Jesus replied, "Are you not in error because you do not know the Scriptures or the power of God? When the dead rise, they will neither marry nor be given in marriage; they will be like the angels in heaven. Now about the dead rising--have you not read in the book of Moses, in the account of the bush, how God said to him, ‘I am the God of Abraham, the God of Isaac, & the God of Jacob’? He is not the God of the dead, but of the living. You are badly mistaken!"

One of the teachers of the law came & heard them debating. Noticing that Jesus had given them a good answer, he asked Him, "Of all the commandments, which is the most important?" "The most important one," answered Jesus, "is this: ‘Hear, O Israel, the Lord our God, the Lord is one. Love the Lord your God with all your heart & with all your soul & with all your mind & with all your strength.’ The second is this: ‘Love your neighbor as yourself.’ There is no commandment greater than these."

"Well said, teacher," the man replied. You are right in saying that God is one and there is no other but Him. To love Him with all your heart, with all your understanding & with all your strength, & to love your neighbor as yourself is more important than burnt offerings & sacrifices."

When Jesus saw that he had answered wisely, He said to him, "You are not far from the kingdom of God." And from then on no one dared to ask Him any more questions.

While Jesus was teaching in the temple courts, He asked, "How is it that the teachers of the law say that the Christ is the son of David? David himself, speaking by the Holy Spirit, declared: "’The Lord said to my Lord, "Sit at my right hand until I put your enemies under your feet."’ David himself calls Him ‘Lord.’ How then can He be his son?" The large crowd listened to Him with delight.

As He taught, Jesus said, "Watch out for the teachers of the law. They like to walk around in flowing robes & be greeted in the marketplaces, & have the most important seats in the synagogues & the places of honor at banquets. They devour widow’s houses & for a show make lengthy prayers. Such men will be punished most severely."

Jesus sat down opposite the place where the offerings were put & watched the crowd putting their money into the temple treasury. Many rich people threw in large amounts. But a poor widow came & put in two very small copper coins, worth only a fraction of a penny.

Calling His disciples to Him, Jesus said, "It tell you the truth, this poor widow has put more into the treasuring than all the others. They all gave out of their wealth; but she, out of her poverty, put in everything—all she had to live on."

Mark 13

As he was leaving the temple, one of His disciples said to Him, "Look, Teacher!

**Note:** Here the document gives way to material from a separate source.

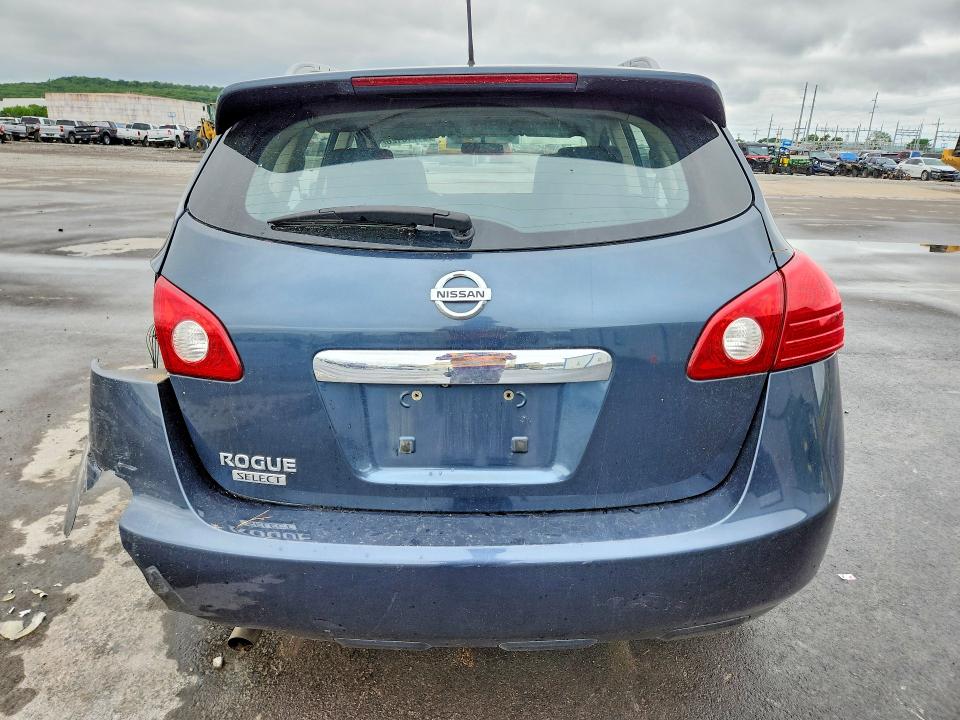 2015 Nissan Rogue VIN JN8AS5MT1FW157045 COPART salvage auction — REAR END, Ok - Cert Of Title-Salvage, sold $800 on 2026-07-08 (photo 6)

What massive stones! What magnificent buildings!" "Do you see all these great buildings?" replied Jesus. "Not one stone here will be left on another; every one will be thrown down."

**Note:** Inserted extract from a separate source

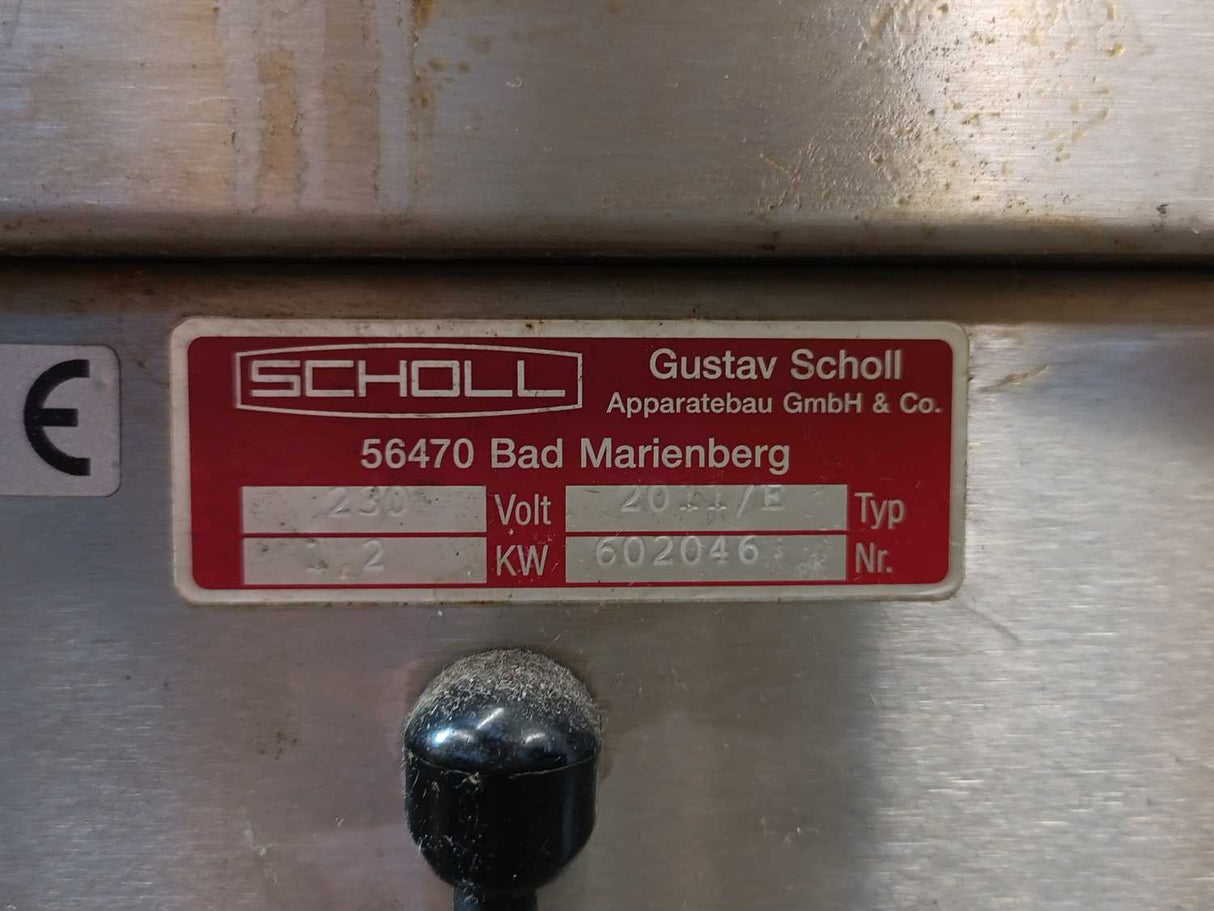Scholl 2011/E 2011 Plate Warmer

As Jesus was sitting on the Mount of Olives opposite the temple, Peter, James, John & Andrew asked Him privately, "Tell us, when will these things happen? And what will be the sign that they are all about to be fulfilled?"

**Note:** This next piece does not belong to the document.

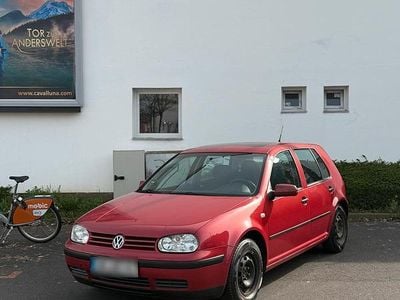 Gebraucht VW Golf IV 105 PS (77 kW) 2003 Rot Kombi
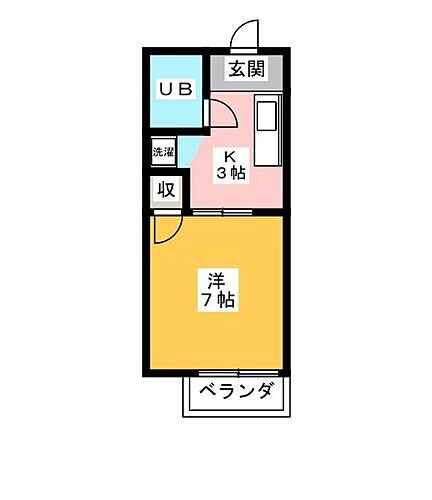 タウニー本山 1階 1K 賃貸物件詳細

Jesus said to them, "Watch out that no one deceived you. Many will come in My name, claiming, ‘I am He,’ and will deceive many. When you hear of wars & rumors of war, do not be alarmed. Such things must happen, but the end is still to come. Nation will rise against nation, & kingdom against kingdom. There will be earthquakes in various places, & famines. These are the beginning of birth pains. You must be on your guard. You will be handed over to the local councils & flogged in the synagogues. On account of Me you will stand before governors & kings as witnesses to them. And the gospel must first be preached to all nations. Whenever you are arrested & brought to trial, do not worry beforehand about what to say. Just say whatever is given you at the time, for it not you speaking, but the Holy Spirit."

"Brother will betray brother to death, & a father his child. Children will rebel against their parents & have them put to death. All men will hate you because of Me, but he who stands firm to the end will be saved."

"When you see ‘the abomination that causes desolation’ standing where it does not belong—let the reader understand—then let those who are in Judea flee to the mountains. Let no one on the roof of his house go down or enter the house to take anything out. Let no one in the field go back to get his cloak. How dreadful it will be in those days for pregnant women & nursing mothers! Pray that this will not take place in winter, because those will be days of distress unequaled from the beginning, when God created the world, until now--& never to be equaled again. If the Lord had not cut short those days, no one would survive. But for the sake of the elect, whom He has chosen, He has shortened them. At that time if anyone says to you, ‘Look, here is the Christ! or, ‘Look, there He is!’ do not believe it. For false Christs & false prophets will appear & perform signs & miracles to deceive the elect—if that were possible. So be on your guard, I have told you everything ahead of time."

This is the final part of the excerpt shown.